Ora che avete tutte le informazioni sulla questione, proviamo anche a immaginare quello che succederà nell'arco dei prossimi 12-24 mesi. Prospettiva per cui si creano, per lo meno, un paio di scenari.
In quello più favorevole, le autorità europee potrebbero imporre limiti alla preferenza automatica per i contenuti AI e vincoli sul posizionamento dei riassunti generati, restituendo una parte del traffico alle fonti originali. In questo modo, Google sarà costretta a modificare l’implementazione delle sue funzioni IA, rendendole più trasparenti e regolamentate il che, pur non corrispondendo ad un vero e proprio passo indietro, porterà comunque ad un nuovo equilibrio.

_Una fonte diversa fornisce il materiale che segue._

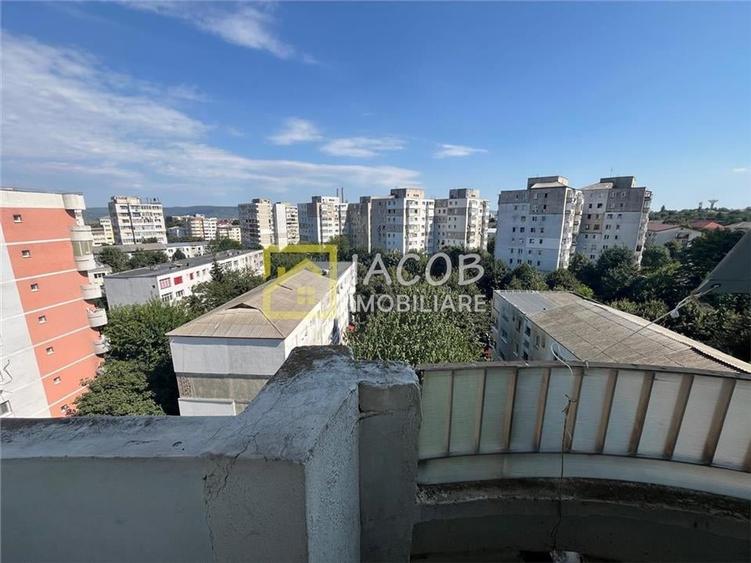 Apartament 3 camere decomandate, 73 mp, Narciselor 6, Bacau - 2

Certo, anche in questo caso sarà inevitabile una perdita di traffico per i siti, ma almeno una parte dell’ecosistema informativo sopravvivrà.
Nel secondo scenario, invece (che è purtroppo anche il più probabile), AI Overview e AI Mode diventeranno la modalità di ricerca predefinita, soprattutto su mobile. Le autorità garanti europee non riusciranno a intervenire per una regolamentazione giusta e tempestiva e, irrimediabilmente, il mercato subirà una lenta ma continua erosione.
Secondo le stime di Semrush e SparkToro, entro i prossimi mesi oltre il 70% delle ricerche su Google si concluderà senza un clic verso siti esterni. In pratica, solo tre ricerche su dieci continueranno a generare traffico verso il web aperto, traducendosi in un crollo dei ricavi pubblicitari.
Infine nel terzo scenario, che per altro è il peggiore, AI Mode (e più in generale i chatbot e i browser basati sull’intelligenza artificiale) diventeranno lo standard della ricerca. Google integrerà le risposte AI anche nelle query commerciali, inserendo pubblicità direttamente dentro i riassunti. L’utente, dunque, non vedrà più link, ma solo risposte con inserzioni native, offerte o suggerimenti sponsorizzati.
A quel punto, la percentuale di ricerche “zero-click” raggiungerà quasi la totalità. I siti web si ritroveranno con un terzo del traffico attuale, la pubblicità non varrà più nulla, i ricavi da affiliate si dimezzeranno nella migliore delle ipotesi. Tutto ciò che i publisher perderanno verrà trasformato da Google in profitto diretto.
Una simulazione di Reuters stima che, se questo scenario dovesse concretizzarsi, entro 12–24 mesi chiuderà almeno un terzo dei siti web mondiali, e molti altri sopravvivranno solo come ombre di ciò che erano.
Andando oltre i due anni, il web potrebbe tornare a un modello pre-Google: pochi grandi portali che attraggono tutto il traffico, e un’infinità di contenuti invisibili. L’IA deciderà cosa farti vedere, e tu dovrai fartelo bastare.
Insomma, se ad oggi l’economia del web è sempre stata basata su uno scambio implicito in cui il motore di ricerca e i siti web vivevano in un rapporto di mutuo beneficio, oggi le regole di questo patto non scritto sono state completamente cancellate da solo una delle due parti: Google. E se non verranno introdotti meccanismi di redistribuzione (revenue sharing, diritti d’autore sui dati, quote minime di traffico) il rischio è che, entro il 2026, il web aperto smetta di essere sostenibile.